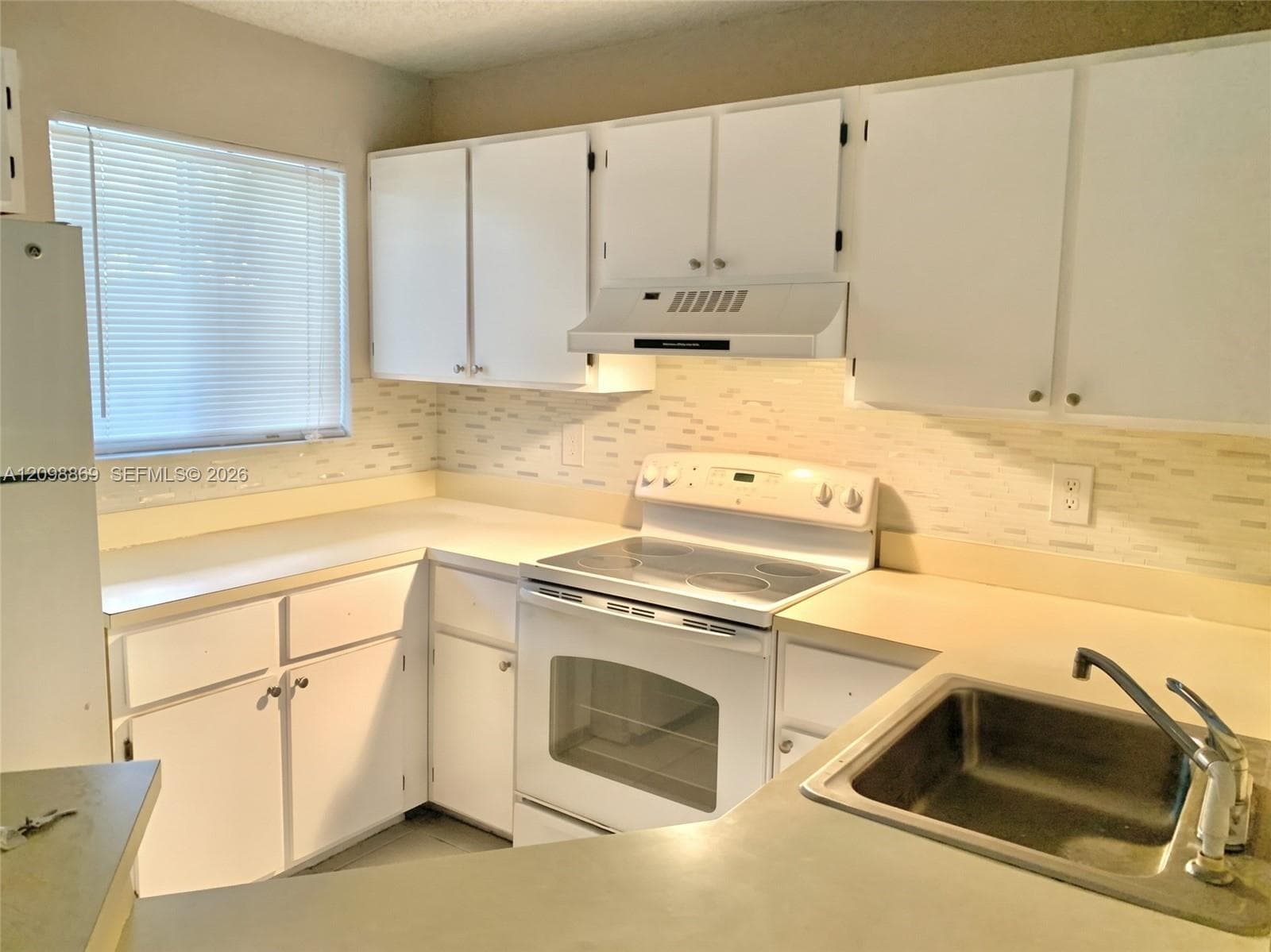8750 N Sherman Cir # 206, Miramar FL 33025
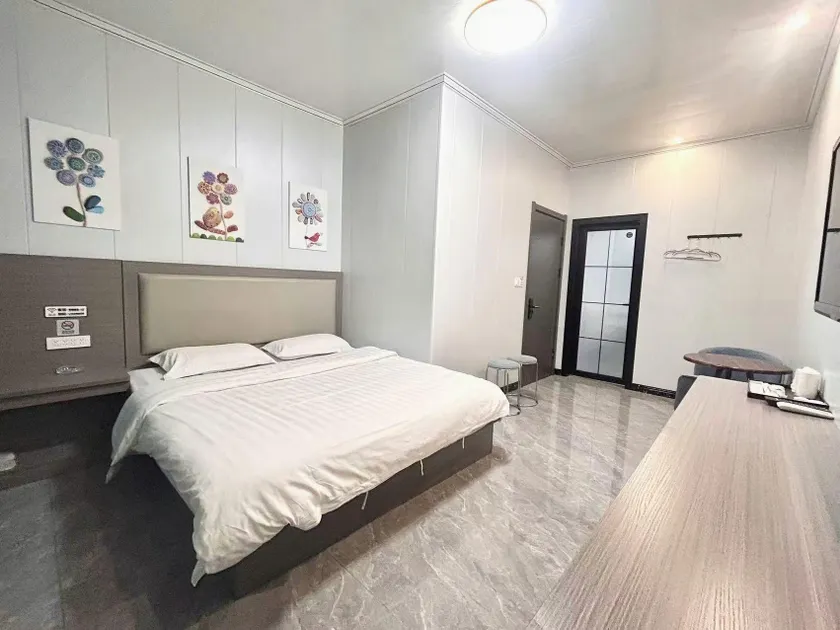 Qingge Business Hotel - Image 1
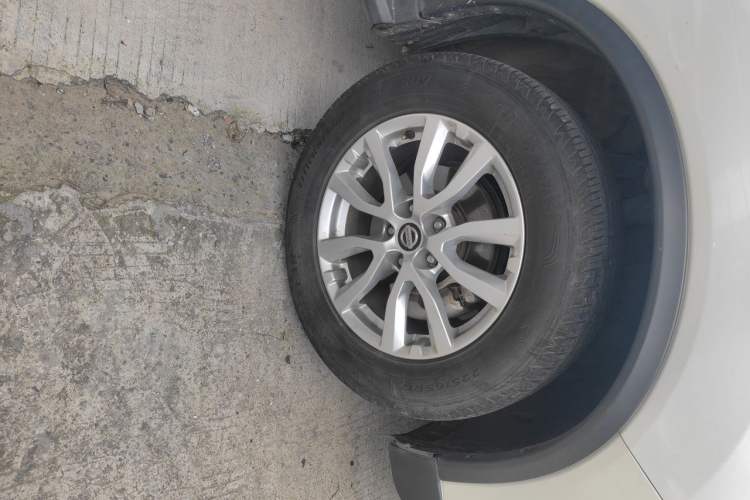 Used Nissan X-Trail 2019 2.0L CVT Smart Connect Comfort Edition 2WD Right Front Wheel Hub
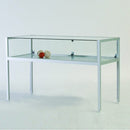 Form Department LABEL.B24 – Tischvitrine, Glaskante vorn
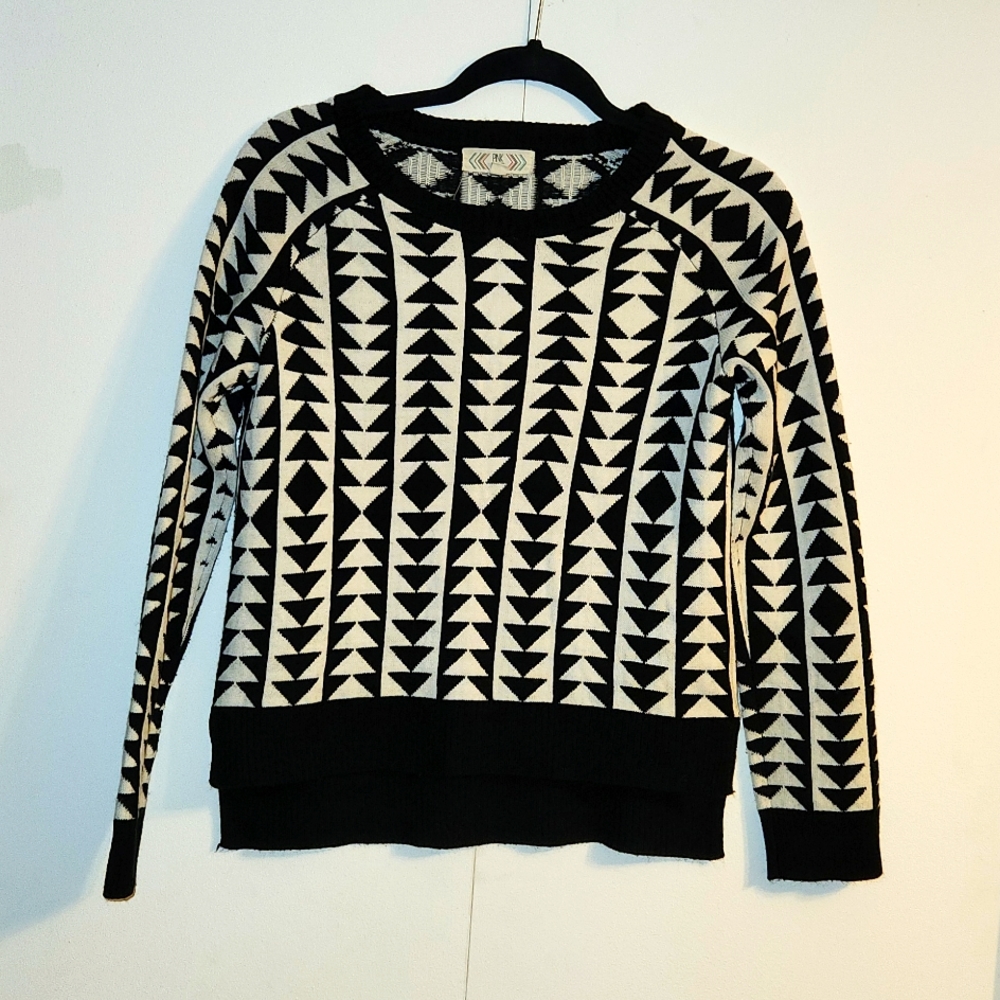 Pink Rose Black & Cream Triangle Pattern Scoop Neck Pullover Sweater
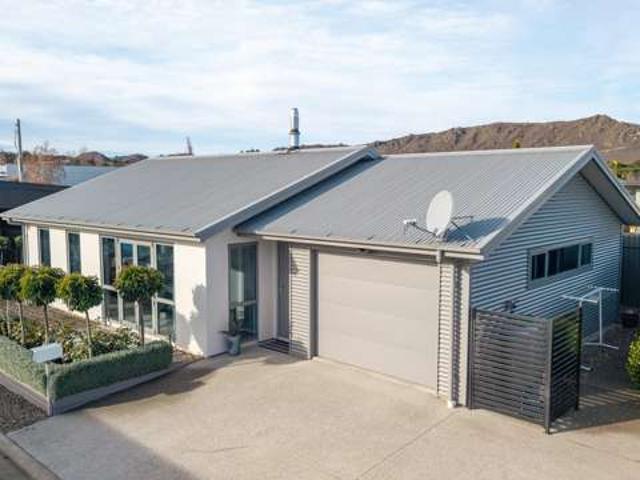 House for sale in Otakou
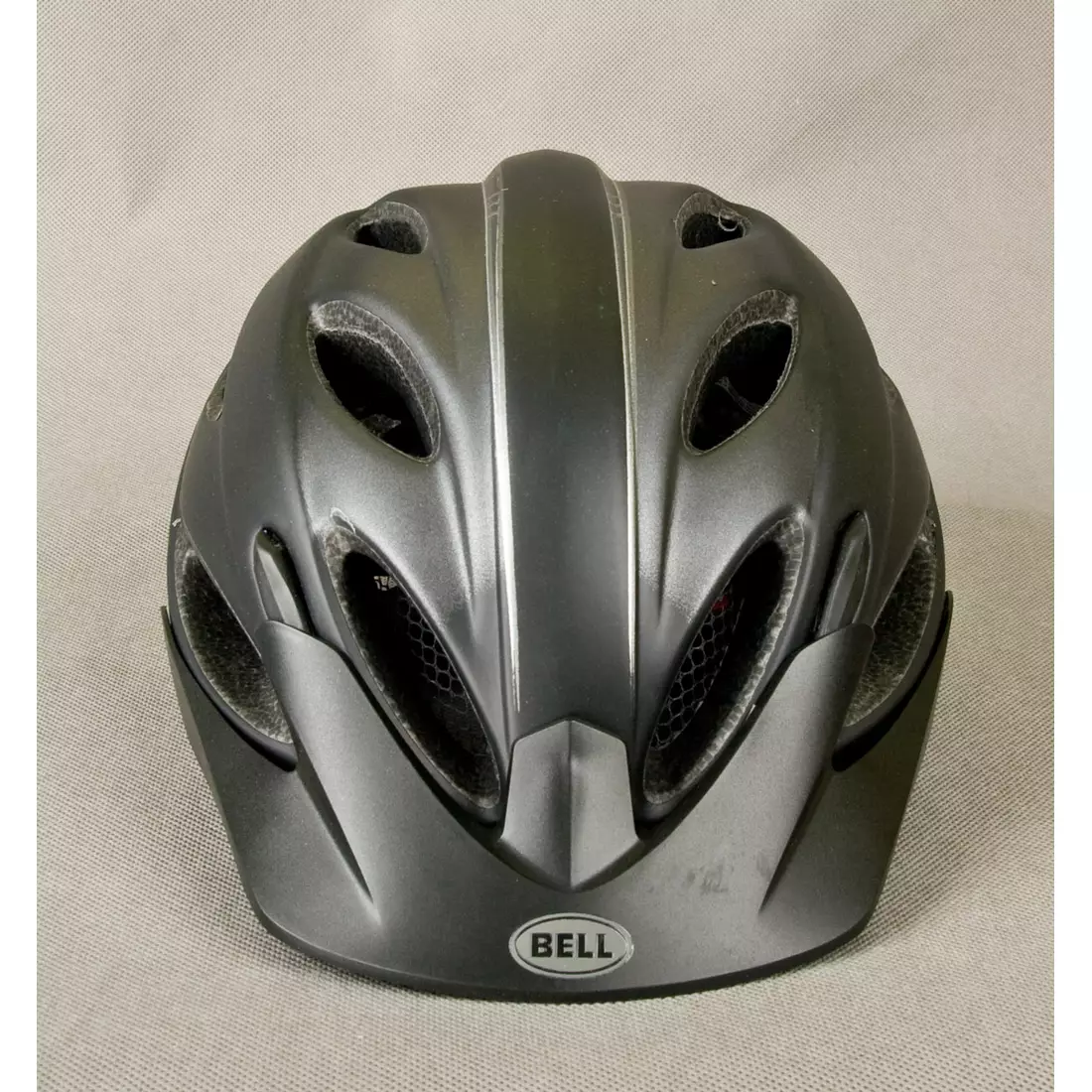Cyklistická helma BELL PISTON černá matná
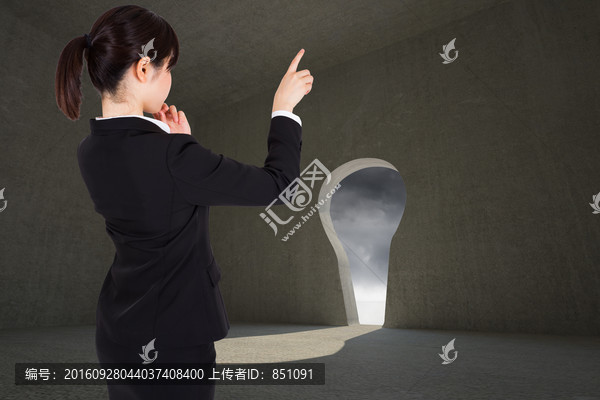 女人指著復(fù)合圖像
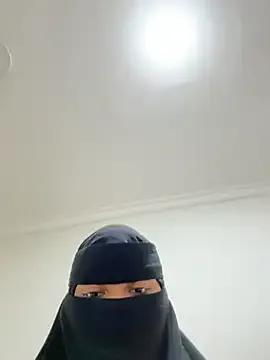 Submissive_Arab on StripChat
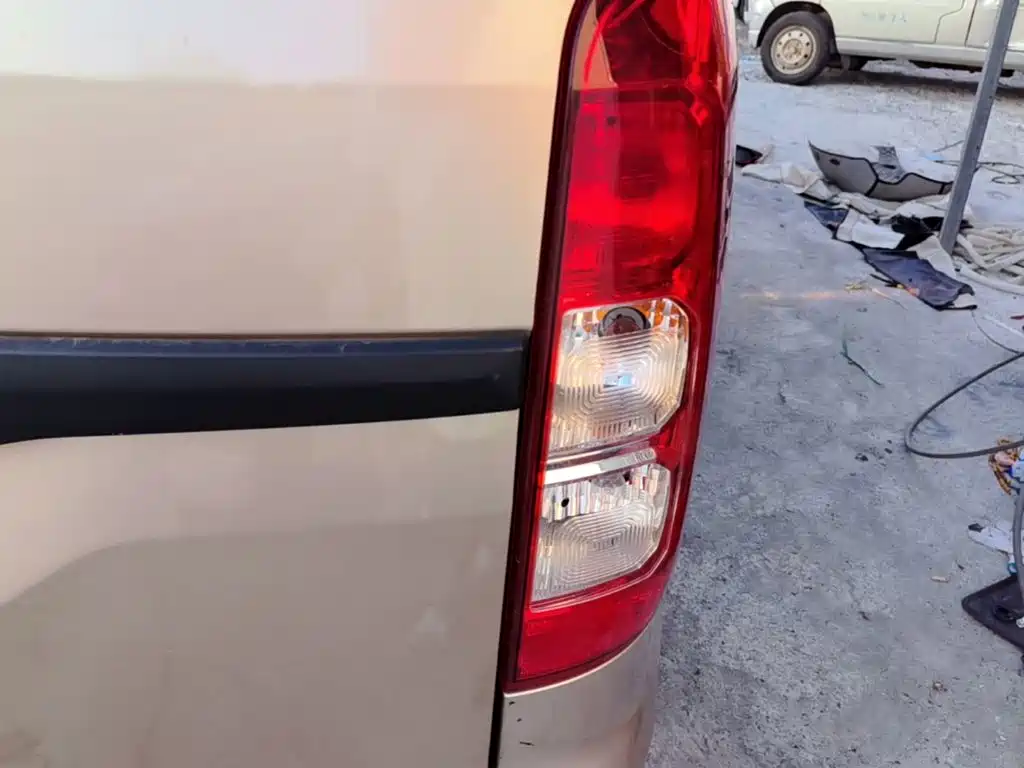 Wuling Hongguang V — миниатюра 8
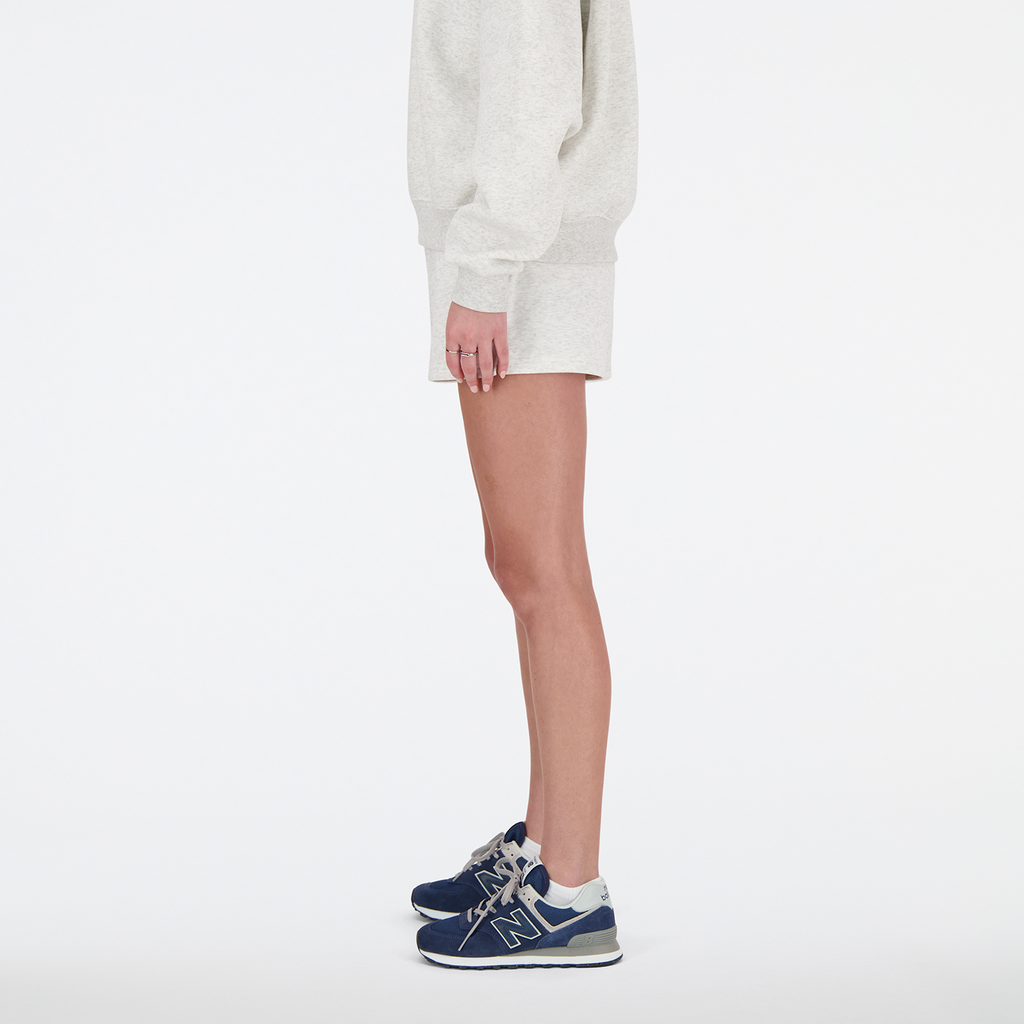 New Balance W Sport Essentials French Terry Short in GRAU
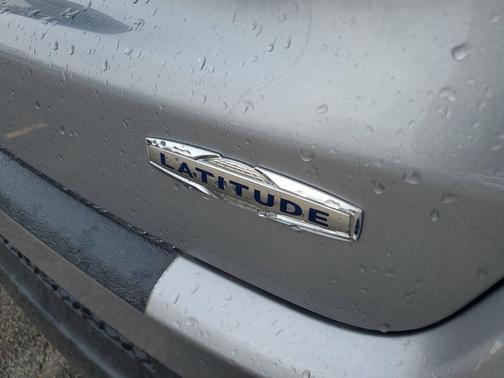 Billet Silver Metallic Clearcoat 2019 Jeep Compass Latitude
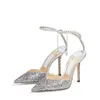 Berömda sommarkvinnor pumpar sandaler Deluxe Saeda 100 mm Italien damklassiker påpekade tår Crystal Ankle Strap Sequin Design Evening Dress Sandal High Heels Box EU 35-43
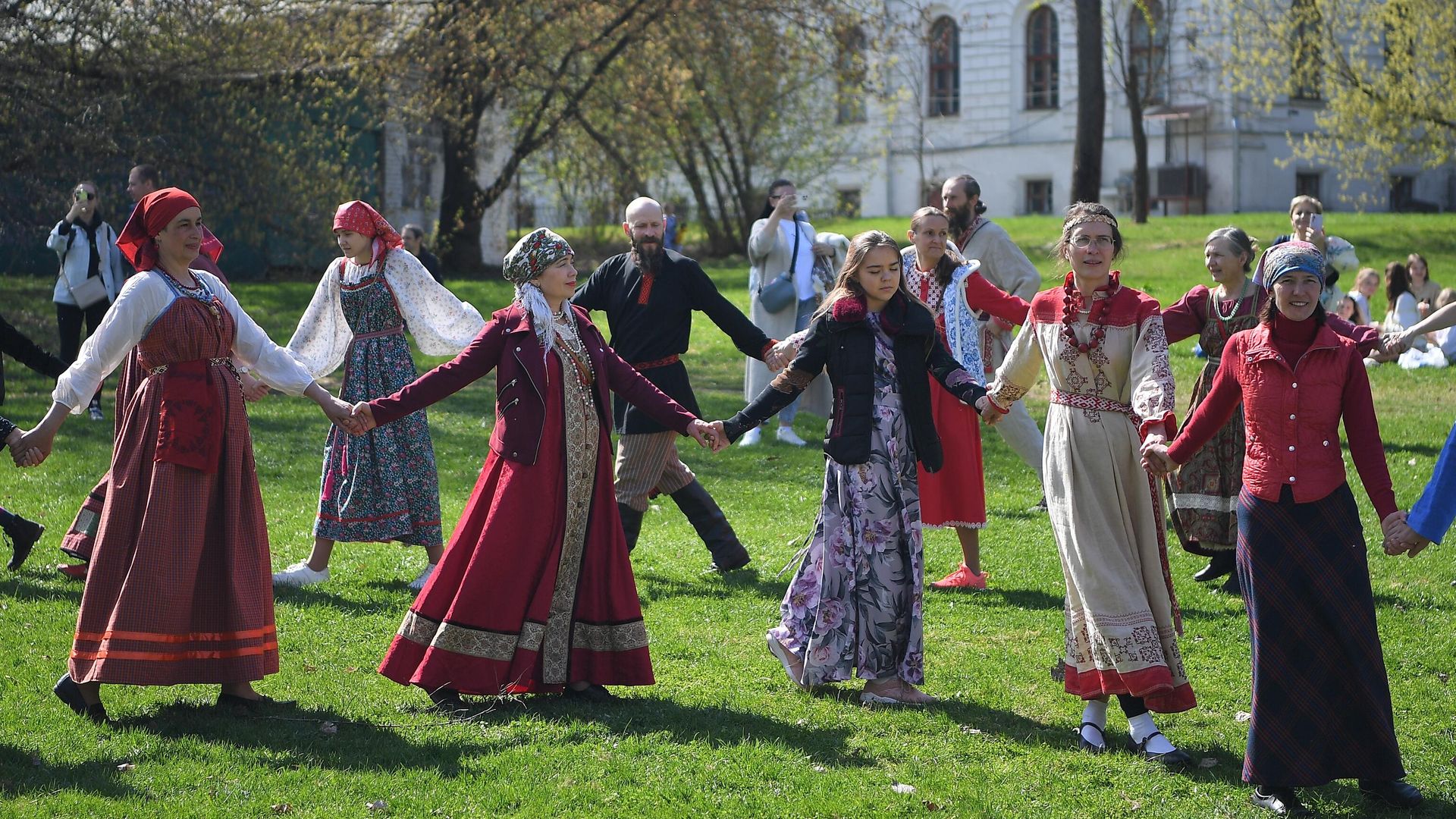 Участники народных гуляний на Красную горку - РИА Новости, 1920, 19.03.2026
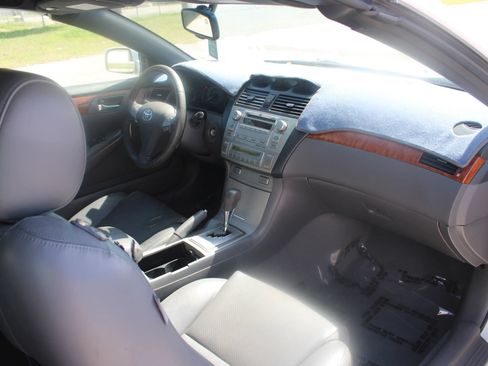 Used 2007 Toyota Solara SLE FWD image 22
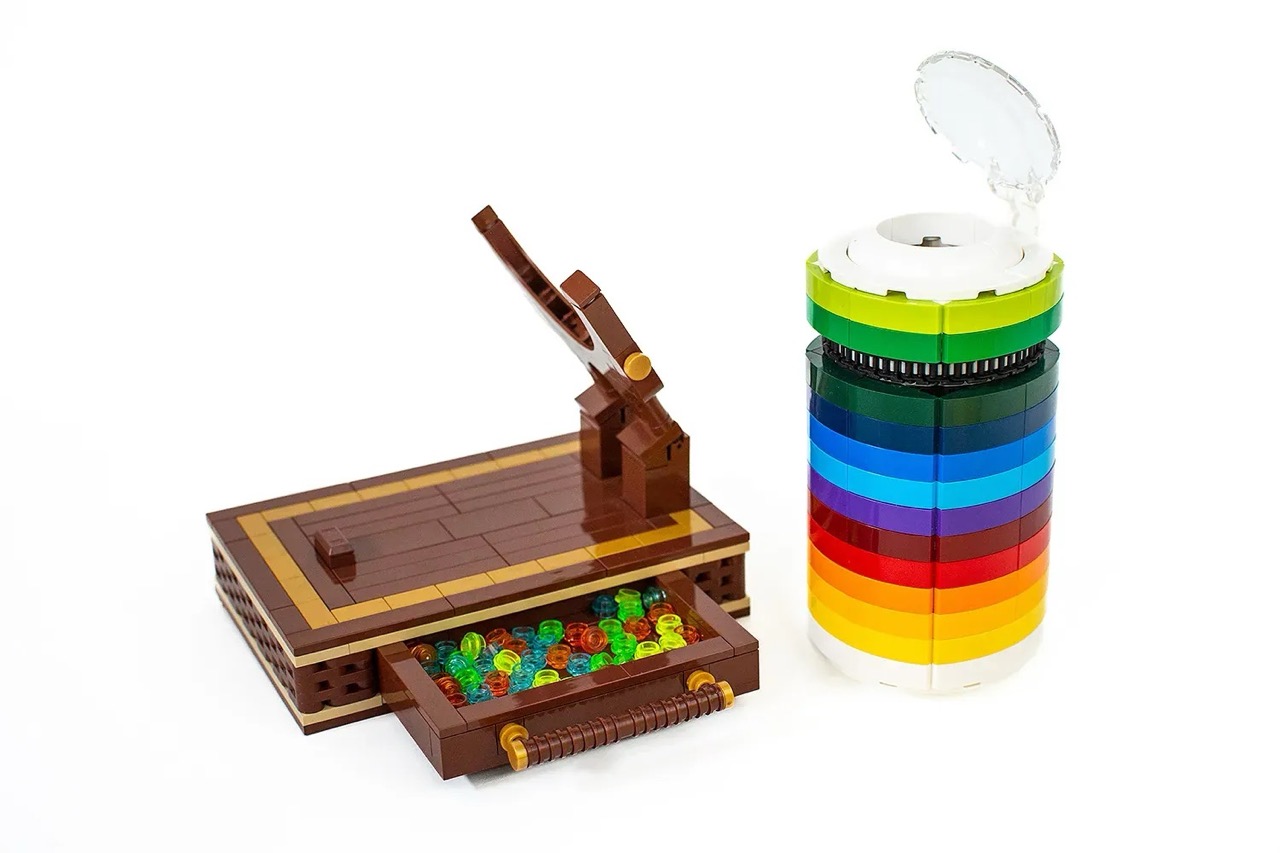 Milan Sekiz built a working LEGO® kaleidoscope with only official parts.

+ + + + +

◆ **Work to be completed**:
Above are the records; copy them exactly without the pictures.

◆ **Answer to the exercise**:
8750 N Sherman Cir # 206, Miramar FL 33025
 Qingge Business Hotel - Image 1
 Used Nissan X-Trail 2019 2.0L CVT Smart Connect Comfort Edition 2WD Right Front Wheel Hub
 Form Department LABEL.B24 – Tischvitrine, Glaskante vorn
 Pink Rose Black & Cream Triangle Pattern Scoop Neck Pullover Sweater
 House for sale in Otakou
Cyklistická helma BELL PISTON černá matná
 女人指著復(fù)合圖像
 Submissive_Arab on StripChat
 Wuling Hongguang V — миниатюра 8
 New Balance W Sport Essentials French Terry Short in GRAU
 Billet Silver Metallic Clearcoat 2019 Jeep Compass Latitude
 Berömda sommarkvinnor pumpar sandaler Deluxe Saeda 100 mm Italien damklassiker påpekade tår Crystal Ankle Strap Sequin Design Evening Dress Sandal High Heels Box EU 35-43
 Участники народных гуляний на Красную горку - РИА Новости, 1920, 19.03.2026
 Used 2007 Toyota Solara SLE FWD image 22
 Milan Sekiz built a working LEGO® kaleidoscope with only official parts.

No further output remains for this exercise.